The English verb on the sign you carried on May 1, 1909, “Abolish child slavery,” was twinned in Yiddish with an adverbial construction: anider mit, “down with.” Strictly speaking, the verb was optional.
So if we readers of that twinned imperative stop reading there, just at abolish, and then further generalize the verb from transitive to intransitive, it can be detached from its sentence. One May Day 1909 the sentence had specifically to do with American labor history, but in isolation its verb becomes half of a new, ahistorical unit of meaning. It no longer means topically, in regard to other words utterable in 1909, but forever, in regard to you in your now seen image. “Abolish,” said the word in the lower half of your image, and by not repeating itself in the upper half where you lived in 1909, it silenced that upper. There, in your half, you will never open your mouth to cry “Abolish!” In relation to each other, you and the possibility of abolition will forever be still unravished brides.

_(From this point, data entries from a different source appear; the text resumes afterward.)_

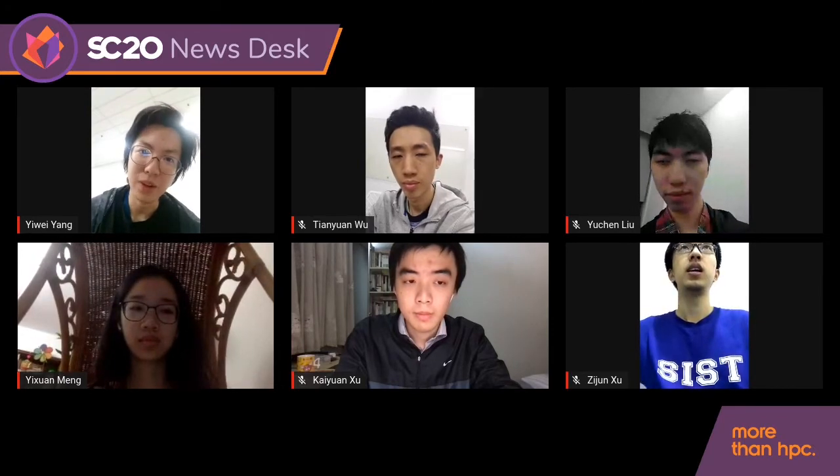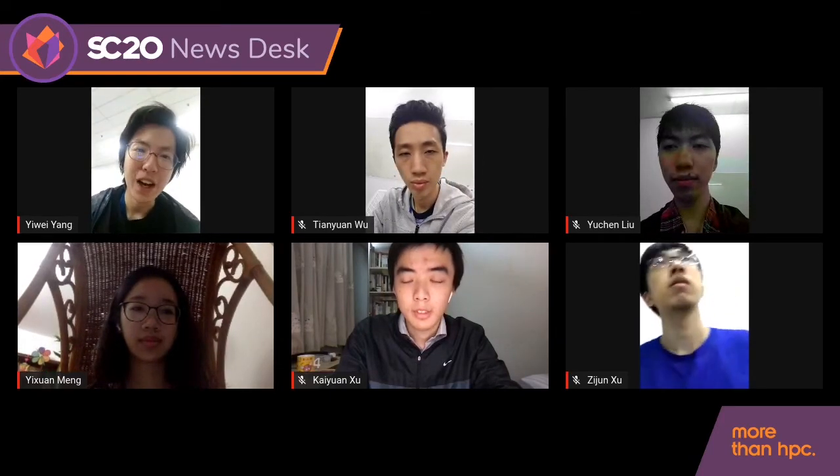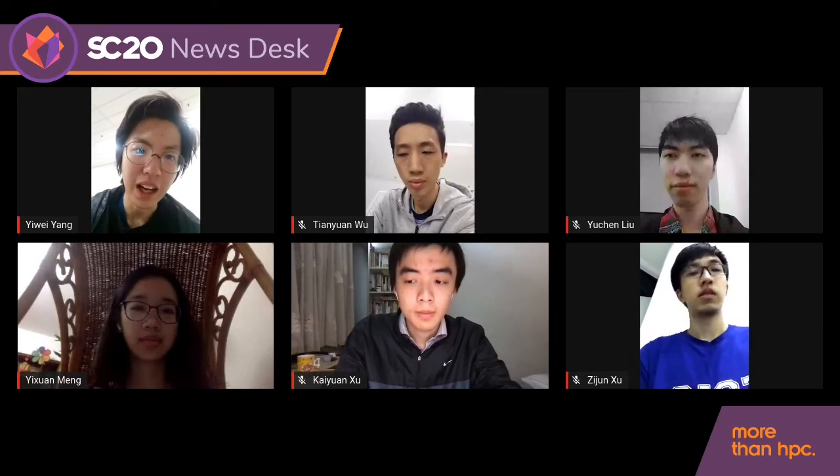That's the summary of our task at SC20 for ShanghaiTech. First of all, I want to thank ShanghaiTech University, which provided us with the locations, computers, and monitors to go live for our whole competition. I especially want to thank our advisors Dong Zhang and Shu Ying.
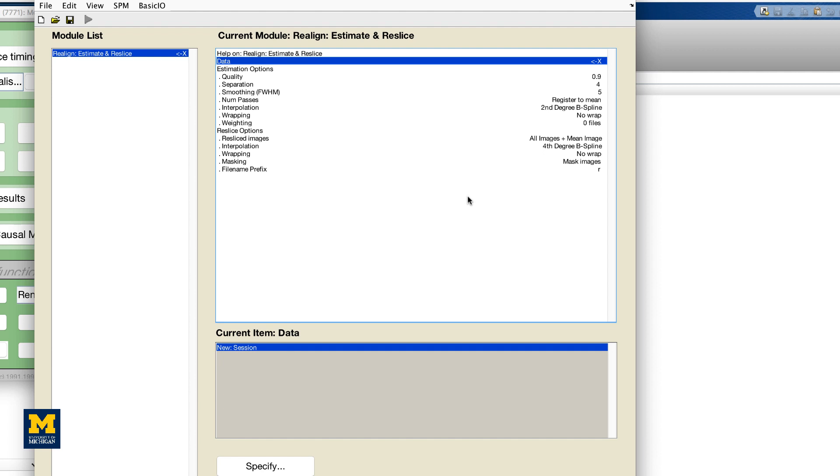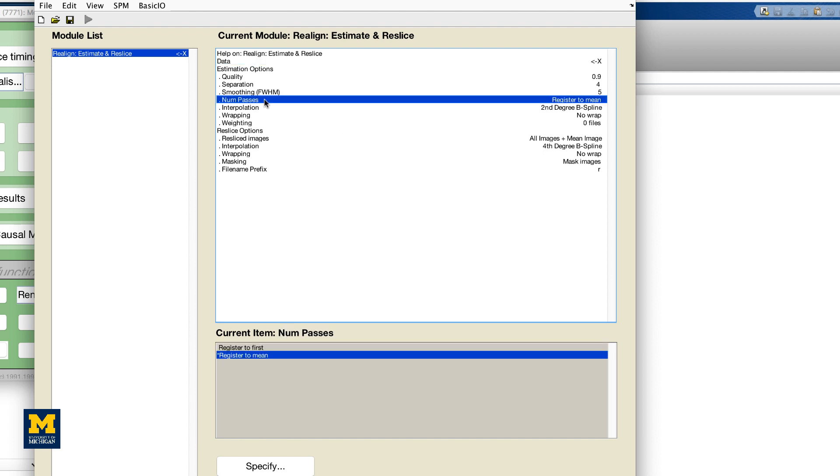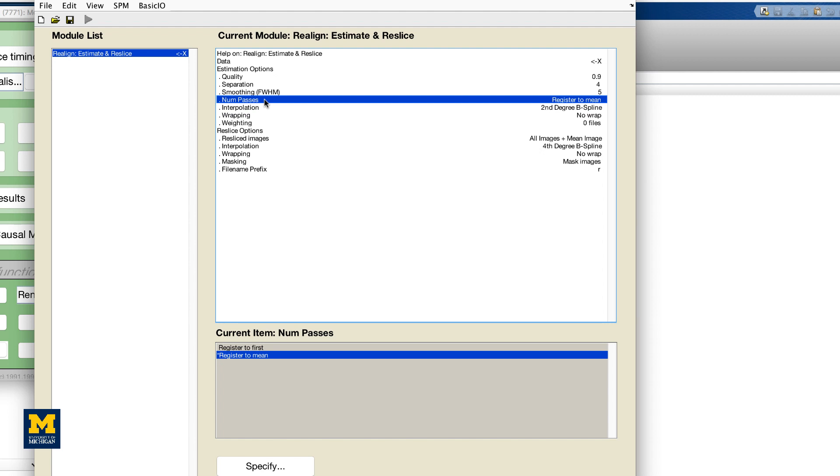The reference volume is set in the field NumPasses, which allows you to specify whether the volumes will be aligned to the mean of all the volumes or to the first volume. For this tutorial, leave it as default and leave the rest of the defaults alone as well.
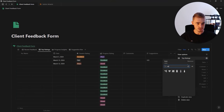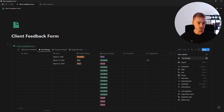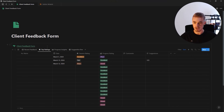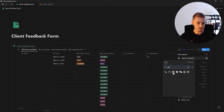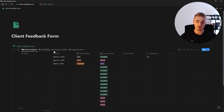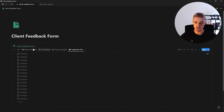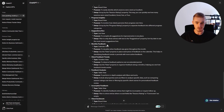Before moving on, let me rename the board view to 'Progress Insights' and give it a chart emoji. The other views need icons too — let's add a star for the ratings view and a talk icon for the feedback view. Now for the last view — monthly feedback.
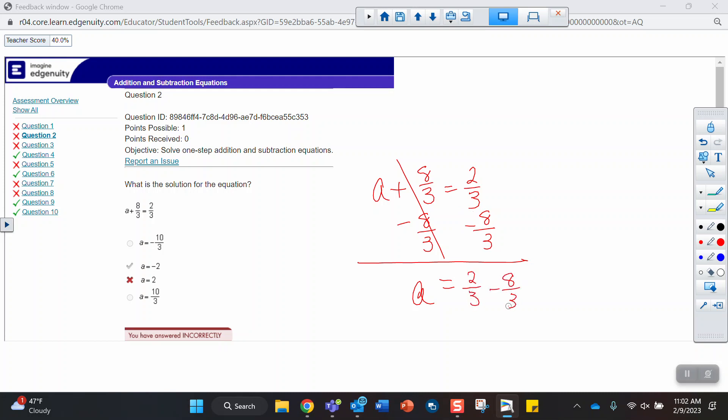2 thirds minus 8 thirds. We would need a common denominator. We already have one. So now we're just going to add across the top. 2 minus 8, technically that's subtract. And that gives me negative 6. Negative 6 over 3, and that reduces or simplifies to negative 2. So a equals negative 2.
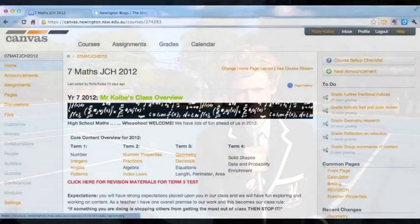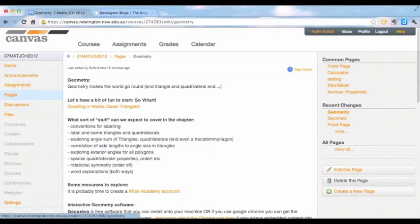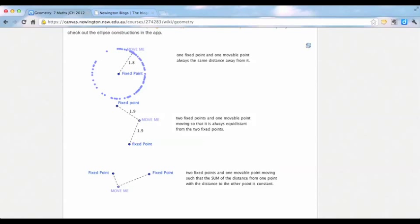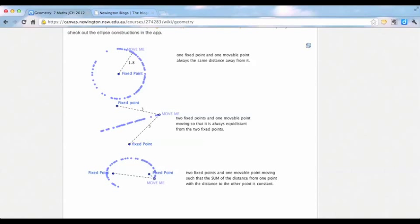Thanks gentlemen, that was enlightening. Now it may not be enough that you can see it practically, so let's have a look at it with some interactive software. Here we have produced a GeoGebra file and embedded it into our Canvas virtual classroom. You can see here that we have the same three examples. Firstly, the circle has a point moving so that it is a fixed distance from a fixed point. Secondly, a line formed by a moveable point moving so that it is equidistant from two fixed points. And thirdly, a moveable point so that the distance from one fixed point plus the distance from a second point is consistent.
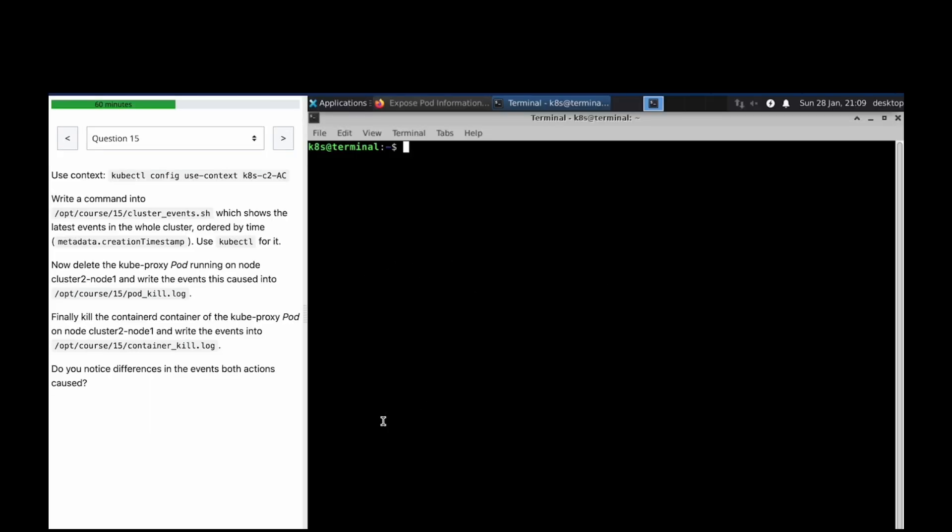Welcome to the next question in our CK mock question series. We want to question number 15.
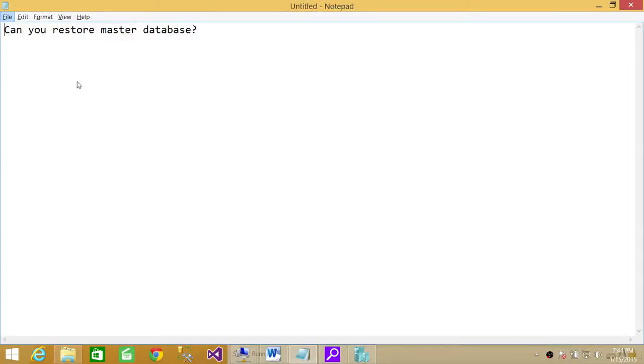Welcome to Tech Brothers. In this video, we're going to answer a question: can you restore a master database?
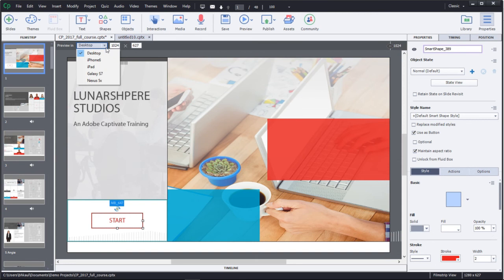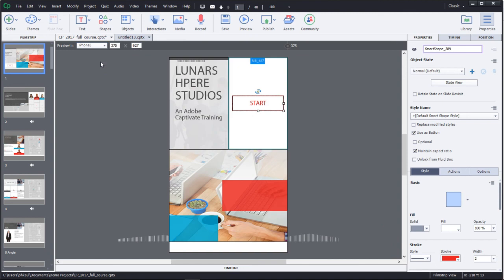The true responsive nature of this project can be seen from under the Device Specific menu. If you go to the Phone setting, the content will automatically resize for a phone.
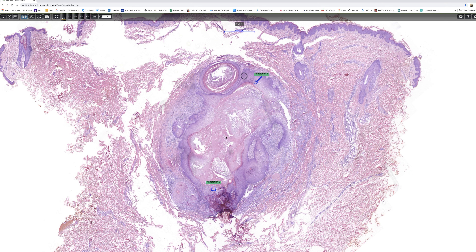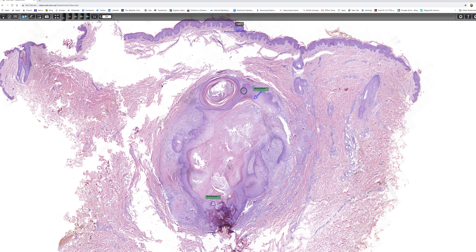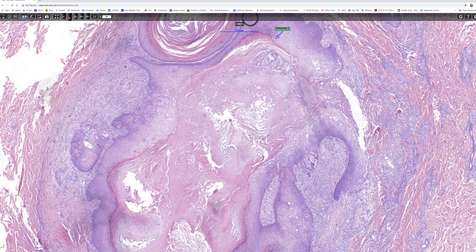So there's a cystic cavity and it's lined by stratified squamous epithelium. And at the top, there's a budding cyst which looks very like a conventional epidermoid cyst.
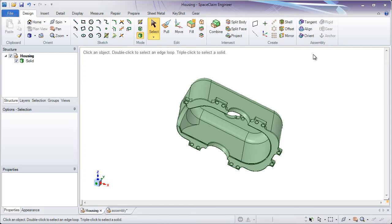In this section, we'll be looking at the assembly tools in SpaceClaim. The assembly tools can be used for two main things: one is to assemble things and orient them to the world origin or each other, and the second is assembling components together to form either a static assembly or a dynamic assembly.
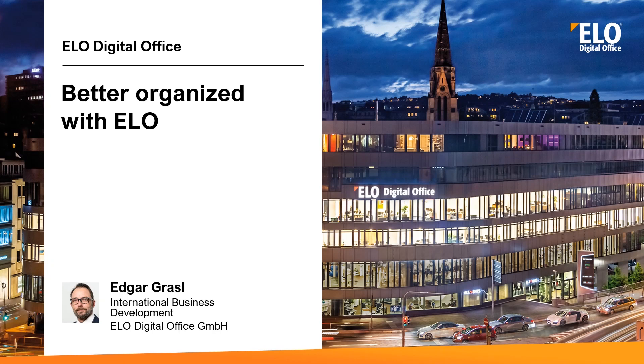Also from my side of the room, welcome to today's webinar. My name is Edgar and I'll show you today how you can be better organized with ELO in your daily work.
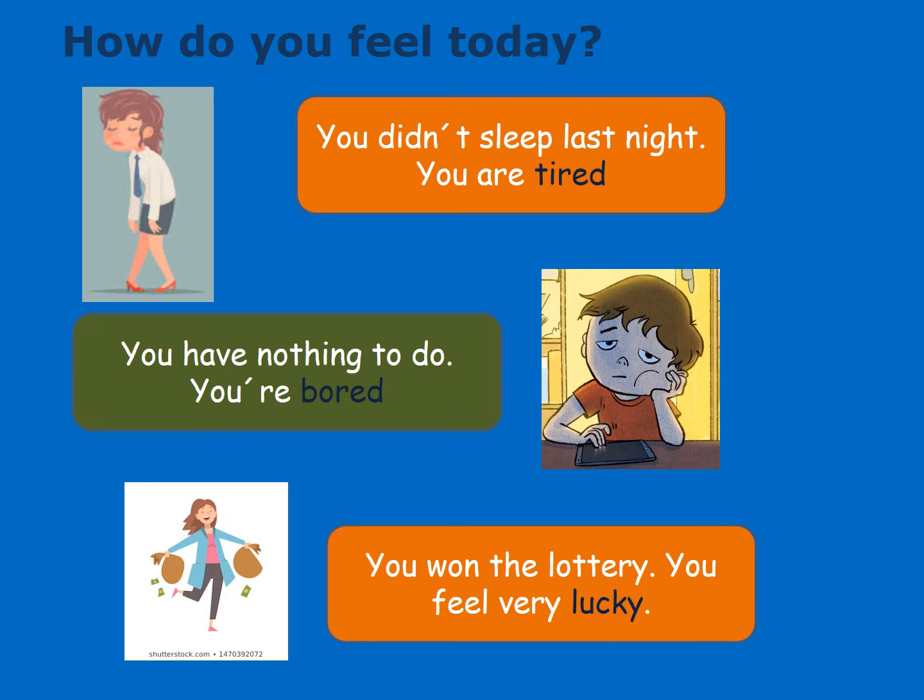Now let's analyze the following situations and identify the corresponding adjective in each case. First case: you didn't sleep last night. How do you feel? You are tired.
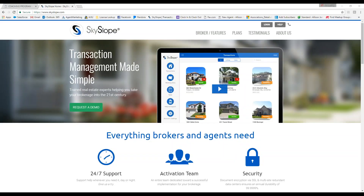Alright, so today I am going to be talking about Skyslope. Skyslope is our transaction management system where you will create your listings and transactions for your broker's approval.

But from now on, the word abolish in this image will no longer have a meaning separable from you as you were in 1909. Having once read your image and your word as one, your fans forever after are going to know abolish as a composite of its letters and your smiling, closed mouth. Because the word will never again have a meaning separate from you, it will postpone your own abolition, forever. Because a word’s letters enfold your body in undying language, you with your mother-bird pin are never going to die.